Take a power factor correction capacitor.
It consumes no power (other than losses).
It does have an applied voltage and it does take current.
Their product, times sqrt(3) if it is three phase, gives you VA, or apparent power. It is also entirely reactive - after all that's why you use PFC.
So we have reactive VA and zero W.
If the power can only be positive, as you are suggesting then, it would have to be zero all the time.

I said real power. A capacitor (not accounting for losses?an ideal capacitor) uses no real power. Pavg is zero.

But that's not what happens. Over the first quarter of a cycle the capacitor charges to a positive voltage. It takes energy (0.5CV^2 Joules) from the supply over that period. Energy is power times time thus the supply has to provide power. During the next quarter of a cycle the capacitor discharges to zero volts and thus zero energy. Power goes back into the supply. Negative power.
Here it is for one cycle.

This just proves my point. The [ideal] capacitor uses apparent power, no real power.

One other comment. Real, apparent, and reactive powers are based on RMS values. You cannot display them on a waveform diagram that shows instantaneous values.

Sure I can... and I did. While I agree they are based on RMS values, those would be of voltage and current rms values. What we are after is Pavg.

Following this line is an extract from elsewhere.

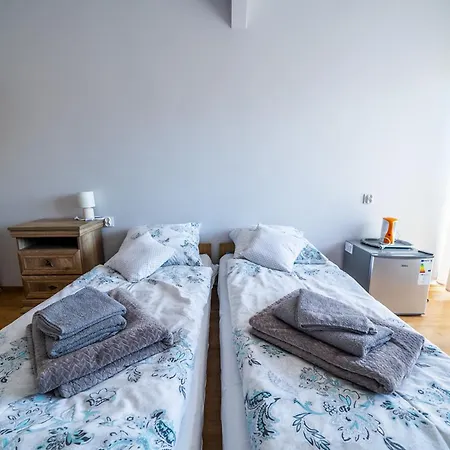 ホームステイ Kajmak *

Yet in the instantaneous realm, a portion of the apparent power is always either real or reactive or a combination thereof... and that is what I show. Note in my graph Pavg of Apparent and Real are identical. Yet a portion of the Apparent Power is negative. This is indicative of reactive power during that half-cycle being returned to the source. What is not so obvious is the positive portion of apparent power that is reactive, but with plotting the real power curve, it can readily be distinguished.

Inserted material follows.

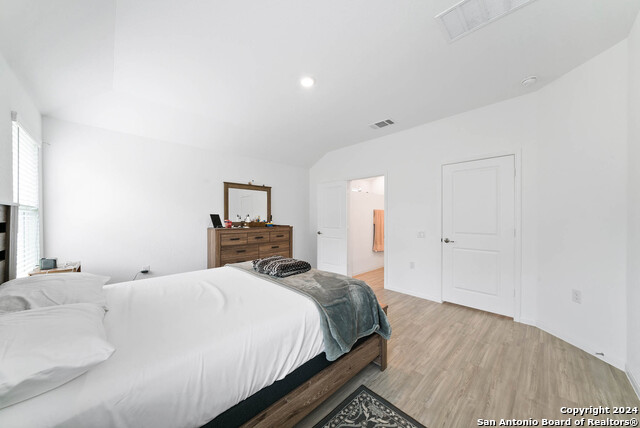 Image 16 of 26 For 4339 Meadowland Pl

Apparent Power = Volts ? Amperes
Real Power = Apparent Power ? Cosine θ

 

[jghrist]

One other comment. Real, apparent, and reactive powers are based on RMS values. You cannot display them on a waveform diagram that shows instantaneous values.

I agree. The real power is the average value of the instantaneous power. Note that for the pure capacitor, the average, or real, power is zero.

 

[Smart $]

Interesting. So real, apparent, and reactive power are all in phase agreement, right?

In the instantaneous domain, they have to be.

In your previous graph, real power was shown in phase (though double the frequency) with voltage and reactive power likewise with current.

I was showing the RMS domain on an instantaneous graph (which is what I was thinking, for which I later said I don't know what I was thinking :roll. This follows with gar's explanation of an equivalent R[C]L circuit.

 

[Smart $]

I agree. The real power is the average value of the instantaneous power. Note that for the pure capacitor, the average, or real, power is zero.

Yes, we associate the power with the value of Pavg... But does it not stand to reason if we use Pavg, apparent, real, or reactive, then there is a waveform associated with it?